Living Together - Page 56

‘For goodness’ sake, Leon!’ she said impatiently. ‘Don’t these parcels tell you anything?’

He seemed to notice them for the first time. ‘You’ve been shopping?’

‘I would have thought that was obvious. Here,’ she handed him one of the parcels, ‘I bought you a present.’

That seemed to stop him in his tracks. ‘You bought me a present?’ He seemed to have trouble articulating.

‘Yes.’ She moved into the lounge, shedding her jacket on the way.

‘What is it?’ Leon stared down at the parcel in his hand.

‘Open it and see.’

‘I’ve never had a woman buy me presents before,’ he said roughly.

‘Present,’ she corrected. ‘After the way you just shouted at me I’m not sure there’ll ever be another one.’

Leon clicked open the lid of the small square box, lifting out the gold medallion suspended on a thick gold chunky chain. He slid it over his golden hair, unbuttoning several more buttons of his shirt so that the medallion could be seen nestling among the darker blond hair on his chest.

‘There’s an inscription,’ Helen told him stiffly.

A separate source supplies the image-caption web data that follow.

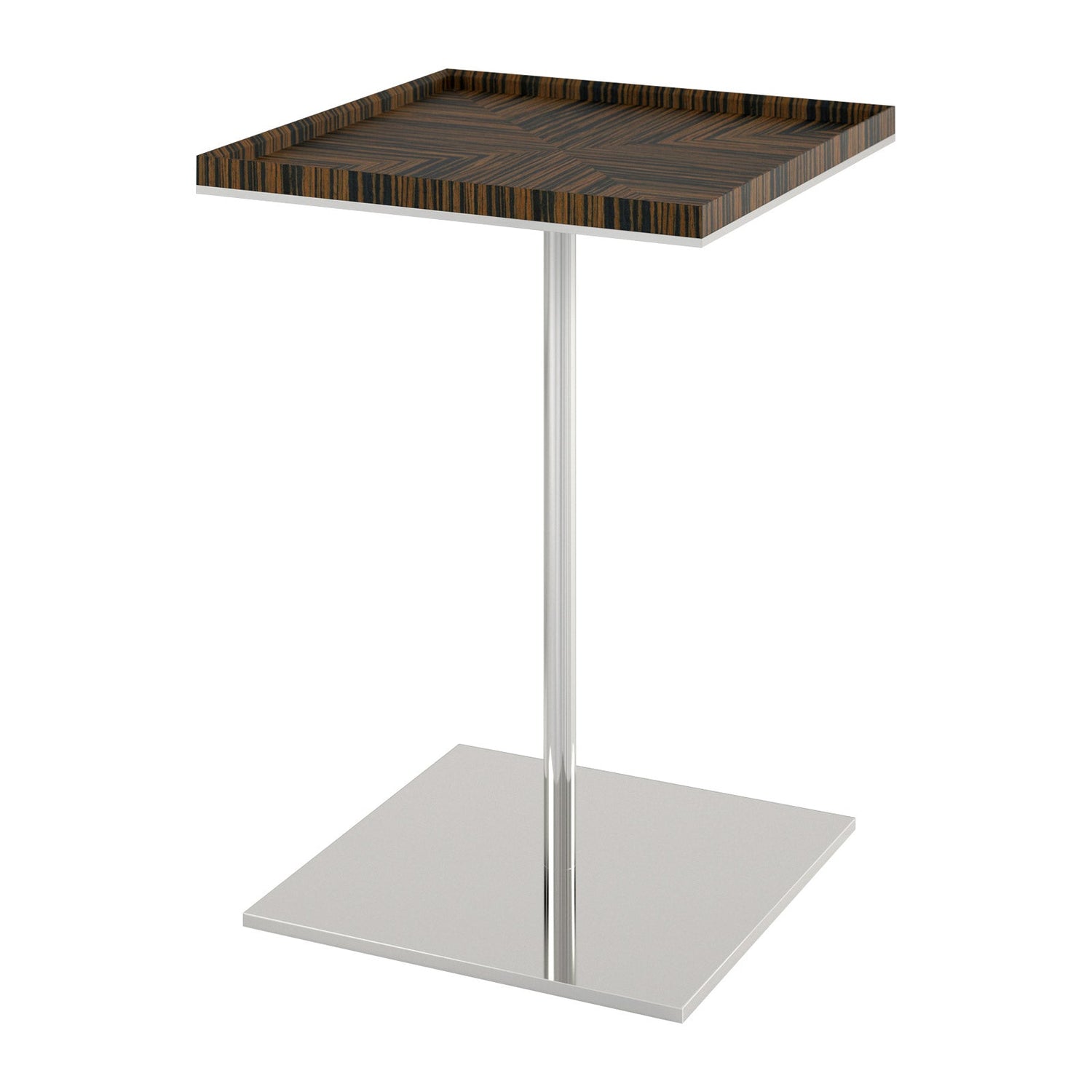 Plateau Side Table (Square) Metal Base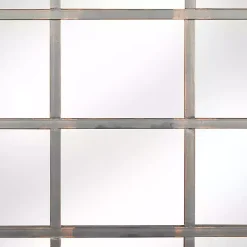 Kirklands Home Arched Windowpane Wall Mirror Gray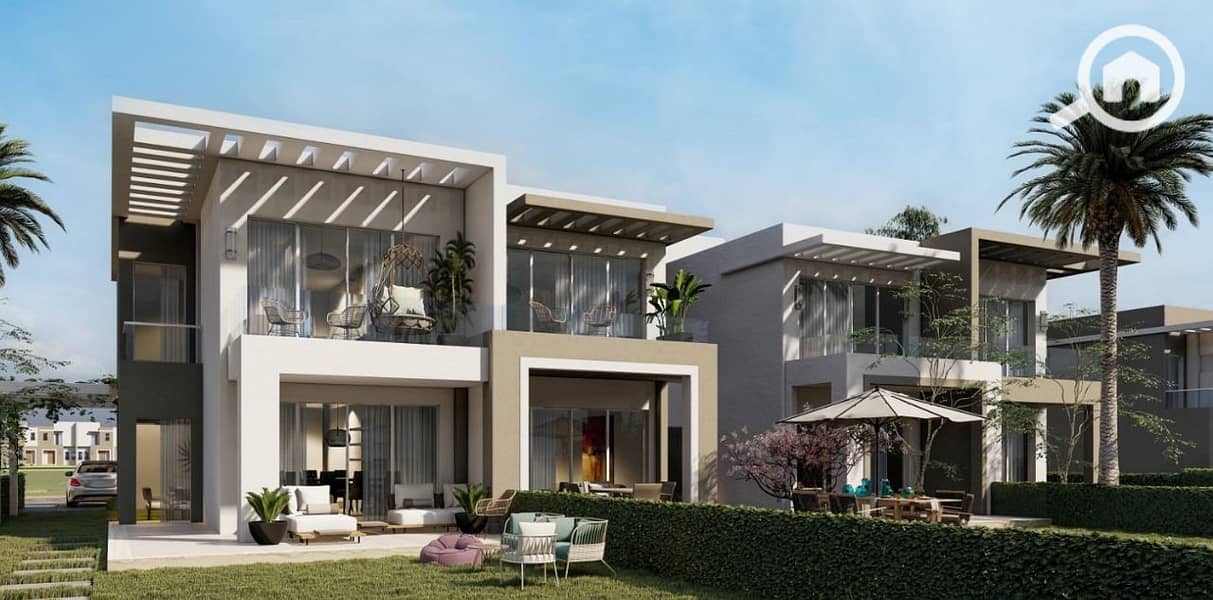 Fully Finished Twin House Overlooking the Lagoon Ready for Delivery for Sale with Installments Over 10 Years - Widok 3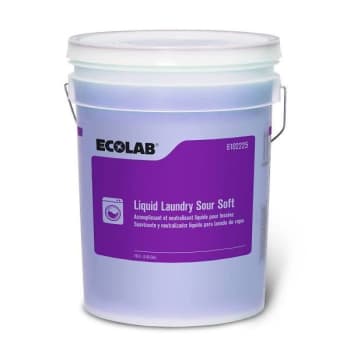 Image for Ecolab Liquid Laundry Sour Soft Improves Guest Satisfaction/Luxurious Softness from HD Supply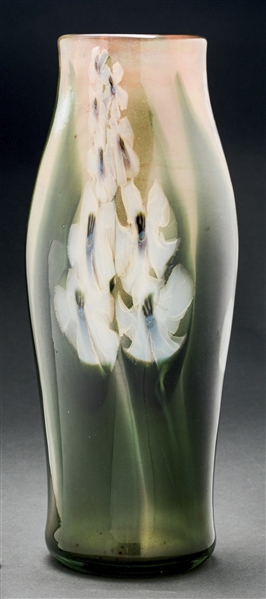 TIFFANY FAVRILE PAPERWEIGHT EXHIBITION VASE.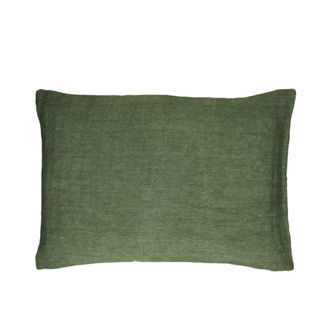 POMAX Coj&iacute;n de algod&oacute;n verde 70X50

The medallion looked strangely intimate nestling against him like that, making her feel as if she almost touched him herself.

Leon turned the medallion over and read the two words engraved there. ‘Do you mean it?’ he asked huskily.

She now regretted her impulse. ‘Love, Helen’, she had had engraved there, and even if she herself suspected it were true she should not have given this man that power over her. Her shrug was deliberately casual. ‘It was just an impulse,’ she told him truthfully.

‘But “Love"?’ he probed.

‘Well, it wouldn’t have looked very nice if I’d just put “From Helen” on it, not after all you’re trying to do for me.’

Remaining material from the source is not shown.